Whatever one’s view of Trump as a man, this should
concern anybody who hopes to restore the blessings of limited government. Quite
rightly, the Founders conceived hard structural constraints and not benevolent
politicians as the key to free societies — a fact that has unfortunately been
lost on many of those who have cast ballots in this Republican primary. In my
conversations with Trumpite voters, I hear the word “cronyism” thrown around
with abandon. This, I think, is fair enough. And yet the alternative to
cronyism is the fracturing of power, not its consolidation.
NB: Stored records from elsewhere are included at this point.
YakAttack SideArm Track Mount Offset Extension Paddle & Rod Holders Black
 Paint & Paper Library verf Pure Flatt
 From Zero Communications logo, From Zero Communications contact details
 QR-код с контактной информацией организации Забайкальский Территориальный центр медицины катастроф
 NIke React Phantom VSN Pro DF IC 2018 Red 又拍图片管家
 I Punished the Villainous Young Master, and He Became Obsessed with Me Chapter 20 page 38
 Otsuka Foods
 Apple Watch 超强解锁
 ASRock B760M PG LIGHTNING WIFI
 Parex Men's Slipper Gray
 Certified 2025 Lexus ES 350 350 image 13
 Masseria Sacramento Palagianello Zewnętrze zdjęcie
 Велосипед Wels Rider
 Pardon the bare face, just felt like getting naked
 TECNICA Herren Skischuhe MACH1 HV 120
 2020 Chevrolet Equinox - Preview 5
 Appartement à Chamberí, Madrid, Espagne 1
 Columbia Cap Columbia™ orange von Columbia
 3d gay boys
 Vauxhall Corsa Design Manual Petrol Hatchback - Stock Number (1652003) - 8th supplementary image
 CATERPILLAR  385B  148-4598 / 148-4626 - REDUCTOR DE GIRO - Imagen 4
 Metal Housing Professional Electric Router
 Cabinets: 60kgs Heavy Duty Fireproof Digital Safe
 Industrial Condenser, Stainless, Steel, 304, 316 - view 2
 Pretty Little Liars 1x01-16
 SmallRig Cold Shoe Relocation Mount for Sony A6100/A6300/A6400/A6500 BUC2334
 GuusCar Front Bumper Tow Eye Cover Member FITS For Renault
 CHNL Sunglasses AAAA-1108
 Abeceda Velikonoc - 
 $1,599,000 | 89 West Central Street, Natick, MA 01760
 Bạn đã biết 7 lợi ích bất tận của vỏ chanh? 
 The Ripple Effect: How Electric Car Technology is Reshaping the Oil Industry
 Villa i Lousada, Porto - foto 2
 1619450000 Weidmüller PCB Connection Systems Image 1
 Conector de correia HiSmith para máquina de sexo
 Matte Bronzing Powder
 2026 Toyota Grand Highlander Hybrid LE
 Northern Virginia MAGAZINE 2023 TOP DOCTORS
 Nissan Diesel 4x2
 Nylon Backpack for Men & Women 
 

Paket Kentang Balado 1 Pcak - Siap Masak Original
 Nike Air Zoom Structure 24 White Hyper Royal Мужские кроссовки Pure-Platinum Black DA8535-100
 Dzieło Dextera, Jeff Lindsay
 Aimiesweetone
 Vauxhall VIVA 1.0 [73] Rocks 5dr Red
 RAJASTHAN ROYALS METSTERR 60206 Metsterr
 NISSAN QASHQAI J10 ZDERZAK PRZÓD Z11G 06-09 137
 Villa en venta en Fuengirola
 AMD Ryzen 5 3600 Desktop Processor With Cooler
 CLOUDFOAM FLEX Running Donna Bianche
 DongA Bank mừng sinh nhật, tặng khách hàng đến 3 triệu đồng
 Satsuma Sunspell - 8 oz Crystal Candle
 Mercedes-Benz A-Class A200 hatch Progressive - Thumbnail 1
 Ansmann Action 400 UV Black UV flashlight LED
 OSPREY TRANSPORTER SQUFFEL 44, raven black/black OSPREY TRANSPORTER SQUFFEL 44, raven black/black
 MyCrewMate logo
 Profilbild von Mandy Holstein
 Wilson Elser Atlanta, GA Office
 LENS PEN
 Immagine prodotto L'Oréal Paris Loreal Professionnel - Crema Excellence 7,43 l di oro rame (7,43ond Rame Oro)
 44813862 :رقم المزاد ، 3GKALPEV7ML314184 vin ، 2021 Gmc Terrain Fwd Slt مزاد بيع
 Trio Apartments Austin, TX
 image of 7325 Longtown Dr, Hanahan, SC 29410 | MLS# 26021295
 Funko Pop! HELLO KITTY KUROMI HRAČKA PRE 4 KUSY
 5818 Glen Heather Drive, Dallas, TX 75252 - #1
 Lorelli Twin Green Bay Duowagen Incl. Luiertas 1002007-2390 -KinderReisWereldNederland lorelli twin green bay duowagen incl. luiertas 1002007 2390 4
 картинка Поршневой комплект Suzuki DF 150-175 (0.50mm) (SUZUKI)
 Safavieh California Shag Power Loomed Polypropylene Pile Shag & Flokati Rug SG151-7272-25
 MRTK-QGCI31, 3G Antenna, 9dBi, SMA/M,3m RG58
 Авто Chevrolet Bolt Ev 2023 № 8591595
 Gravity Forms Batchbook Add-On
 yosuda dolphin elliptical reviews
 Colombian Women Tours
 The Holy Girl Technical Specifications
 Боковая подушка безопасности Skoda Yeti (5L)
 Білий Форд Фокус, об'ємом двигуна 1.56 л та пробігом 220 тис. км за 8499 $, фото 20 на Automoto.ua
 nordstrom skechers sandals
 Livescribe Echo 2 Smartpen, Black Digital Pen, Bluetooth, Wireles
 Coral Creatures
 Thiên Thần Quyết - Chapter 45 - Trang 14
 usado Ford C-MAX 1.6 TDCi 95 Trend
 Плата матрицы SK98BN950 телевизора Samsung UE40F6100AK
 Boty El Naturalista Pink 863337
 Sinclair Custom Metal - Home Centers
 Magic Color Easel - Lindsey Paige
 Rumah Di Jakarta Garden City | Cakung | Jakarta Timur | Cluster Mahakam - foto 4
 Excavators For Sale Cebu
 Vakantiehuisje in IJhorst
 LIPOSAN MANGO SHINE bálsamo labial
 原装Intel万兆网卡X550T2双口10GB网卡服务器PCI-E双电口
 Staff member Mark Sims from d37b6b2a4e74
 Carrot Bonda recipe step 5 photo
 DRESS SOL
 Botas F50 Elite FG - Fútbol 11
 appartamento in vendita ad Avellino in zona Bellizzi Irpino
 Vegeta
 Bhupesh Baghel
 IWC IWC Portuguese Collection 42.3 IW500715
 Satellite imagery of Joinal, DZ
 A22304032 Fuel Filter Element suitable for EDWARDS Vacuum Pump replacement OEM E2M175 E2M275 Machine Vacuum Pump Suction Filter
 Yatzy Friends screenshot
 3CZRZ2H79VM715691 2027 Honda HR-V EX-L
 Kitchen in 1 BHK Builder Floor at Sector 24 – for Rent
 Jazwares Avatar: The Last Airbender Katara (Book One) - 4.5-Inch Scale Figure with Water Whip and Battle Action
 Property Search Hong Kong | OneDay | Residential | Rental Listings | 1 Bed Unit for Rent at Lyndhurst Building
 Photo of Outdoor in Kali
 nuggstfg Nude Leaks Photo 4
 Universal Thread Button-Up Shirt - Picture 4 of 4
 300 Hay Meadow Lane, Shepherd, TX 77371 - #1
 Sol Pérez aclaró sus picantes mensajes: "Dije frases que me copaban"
Alas, to consider Trump’s self-heavy offering is to
recognize that he is nominating himself less as James Madison and more as
Julius Caesar — that is, as the unimpeachable man who will deliver cheap
salvation by the sheer force of his personality. His, ultimately, is a
worldview that is antithetical both to the traditions that made America great
and to the interests of those whom he claims to be defending. In Trump’s mind
there is no need to diminish the size of the state; no imperative to limit
entitlements or transfers; no healthy skepticism of the men with sharp bayonets
and a sanctioned monopoly on violence. There is only leadership; there is only
strength and cunning and the art of the deal. Who might come next and inherit
power is but an afterthought — an inconvenient question that only detracts from
the frenzy.
“Put not your trust in princes,” says the King James
Bible. “Unless we like him,” too many have replied.